$\sum u_n$ converge iff $\sum n(u_n-u_{n+1})$ converge

Question

Suppose that $(u_n)_{n \in \mathbb{N}}$ is a decreasing sequence and $\lim_{n \to \infty} u_n = 0$.

Prove that: $\sum u_n $ converges iff $\sum n(u_n-u_{n+1})$ converges.

The $\to$ way is simple to check: $\sum _{k = 1}^{n} n(u_n-u_{n+1}) = -nu_{n+1} + \sum_{n=1}^{k} \leq \sum_{n=1}^{k} u_n,$ since the term on the right side is bounded and the one on the left side is always positive, we have the convergence.

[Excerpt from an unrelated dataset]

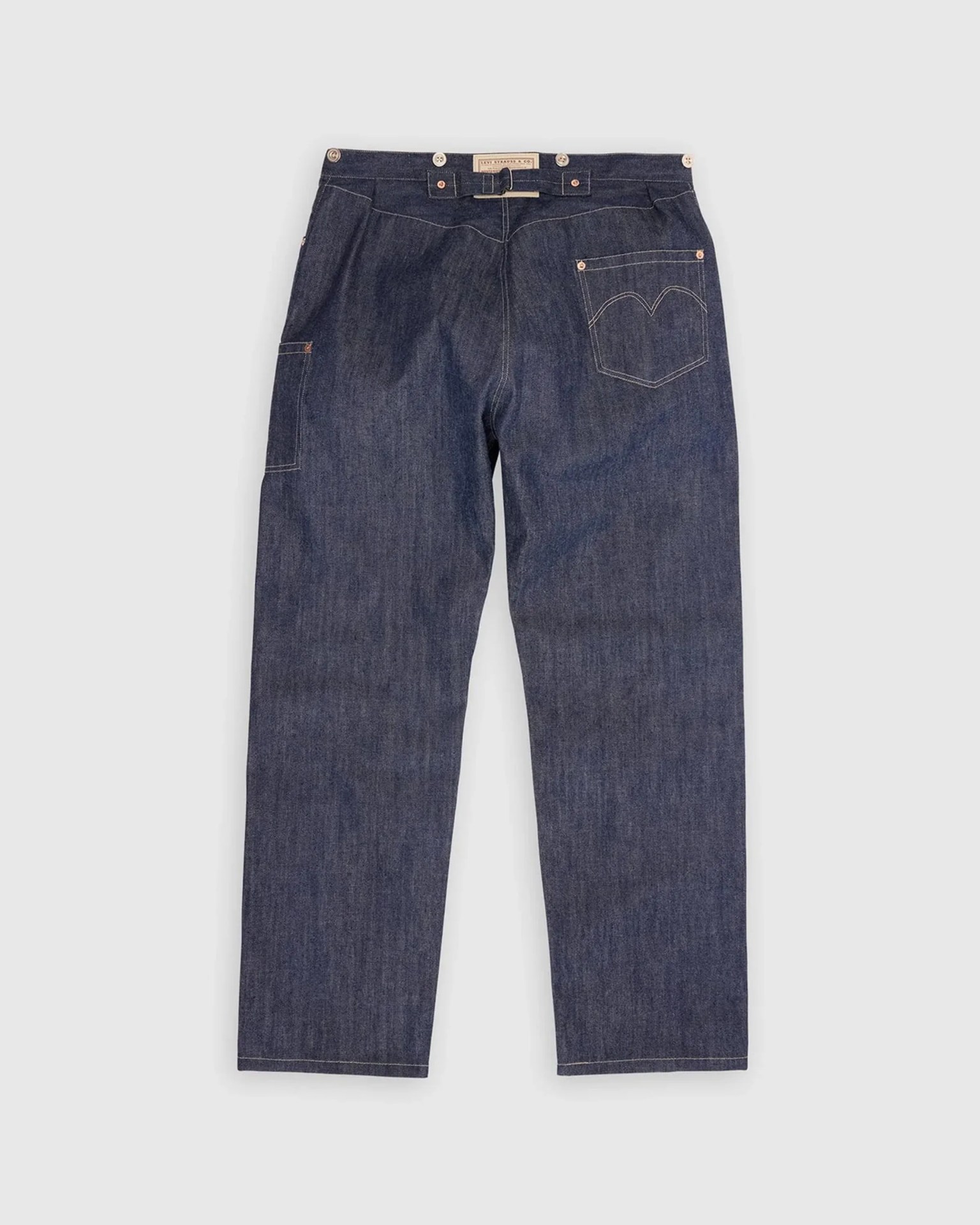 Dark blue denim pants with a back pocket and adjustable buckle strap at the waistband.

But I have trouble working on the other way. If we can prove $\sum n(u_n-u_{n+1})$ converge implies that $\lim_{n\to\infty} nu_n = 0,$ the other way will be proved.

Answer 1

It suffices to show that $nu_n$ remains bounded. Fix $n$. Let $b_k = k(u_k - u_{k+1})$ and $B(t) = \sum_{k \leq t} b_k$. Partial summation gives $$\begin{align*} u_n &= u_{n+L+1} + \sum_{k=n}^{n+L} \frac{b_k}k \\ &= u_{n+L+1} + \frac{B(n+L)}{n+L} - \frac{B(n-1)}{n-1} + \int_{n-1}^{n+L} \frac{B(t)}{t^2} dt \\ &\leq u_{n+L+1} + \frac{B(n+L)}{n+L} + B(\infty) \int_{n-1}^\infty \frac{dt}{t^2} \\ &\leq u_{n+L+1} + \frac{B(\infty)}{n+L} + \frac{B(\infty)}{n-1} \end{align*}$$ Now take $L$ sufficiently large so that $n u_{n+L+1} \leq 1$.

Answer 2

Note that $$ \begin{align} \sum_{k=1}^nu_k-\sum_{k=1}^nk(u_k-u_{k+1}) &=\sum_{k=1}^n(ku_{k+1}-(k-1)u_k)\\ &=nu_{n+1}\tag1 \end{align} $$ This answer shows that if $u_n$ is a decreasing sequence and $\sum\limits_{k=1}^nu_k$ converges, then $\lim\limits_{n\to\infty}nu_n=0$.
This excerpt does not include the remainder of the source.